Apple SVP of Internet software and services Eddy Cue announced yesterday that Apple Music has been growing fast and now has more than 15 million subscribers, but Apple obviously wants more. And for the subscription model to scale, playlists should be great, entertaining, and fun, Iovine said in an interview with the Financial Post. (You may recall that Apple has been marketing Apple Music’s playlist features in the latest ads for the music streaming service.)

“What we really wanted to focus on was simplicity and clarity,” said Reznor, the lead singer of Nine Inch Nails, who has been working with Apple on the streaming service since the Beats purchase. “Within that, there are a lot of other hidden new features that really increase the usability of the app.”

When Apple Music was launched a year ago, human curation was among the highlighted features. This year, human curation has been in the spotlight more, and the shift in this direction comes when competitors are moving in the opposite direction: They are expanding their machine-learning algorithmic methods of providing better music discovery.

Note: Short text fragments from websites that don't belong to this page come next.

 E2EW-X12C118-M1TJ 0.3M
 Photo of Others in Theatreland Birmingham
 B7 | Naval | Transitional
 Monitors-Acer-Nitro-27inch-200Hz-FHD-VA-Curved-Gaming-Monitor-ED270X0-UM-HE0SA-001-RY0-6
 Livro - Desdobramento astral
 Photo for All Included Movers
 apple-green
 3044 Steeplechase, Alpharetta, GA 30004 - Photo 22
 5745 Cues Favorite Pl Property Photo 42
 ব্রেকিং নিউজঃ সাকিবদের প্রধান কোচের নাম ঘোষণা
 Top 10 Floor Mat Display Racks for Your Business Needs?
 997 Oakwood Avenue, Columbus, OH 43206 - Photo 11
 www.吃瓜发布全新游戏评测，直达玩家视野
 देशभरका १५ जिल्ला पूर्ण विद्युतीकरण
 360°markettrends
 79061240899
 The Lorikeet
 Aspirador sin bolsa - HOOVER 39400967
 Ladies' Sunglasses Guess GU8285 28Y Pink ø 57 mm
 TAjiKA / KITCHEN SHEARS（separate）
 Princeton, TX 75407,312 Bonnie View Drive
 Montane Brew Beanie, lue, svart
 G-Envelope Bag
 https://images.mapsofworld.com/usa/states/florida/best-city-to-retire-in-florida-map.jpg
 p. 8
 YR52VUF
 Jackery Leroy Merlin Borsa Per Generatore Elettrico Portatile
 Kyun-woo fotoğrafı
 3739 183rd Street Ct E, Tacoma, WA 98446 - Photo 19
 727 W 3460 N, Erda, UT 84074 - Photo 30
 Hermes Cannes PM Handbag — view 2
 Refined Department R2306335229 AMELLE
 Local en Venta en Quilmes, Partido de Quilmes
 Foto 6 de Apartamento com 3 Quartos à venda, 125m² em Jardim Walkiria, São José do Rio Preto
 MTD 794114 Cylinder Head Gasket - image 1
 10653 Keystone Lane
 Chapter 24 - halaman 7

“We have the advantage that we have both,” Eddy Cue, Apple’s senior vice president of Internet software and services, said. “We do have algorithms and then we have people who actually curate them…without the human curation, you can not have the full picture.”

Iovine once again underscored that free subscription tiers are damaging because not all artists these days have 30-year careers. If you have only one or two hit records (today), you’ve got a problem.” With Apple Music, he and the company aims to correct the flaws they have identified in the system.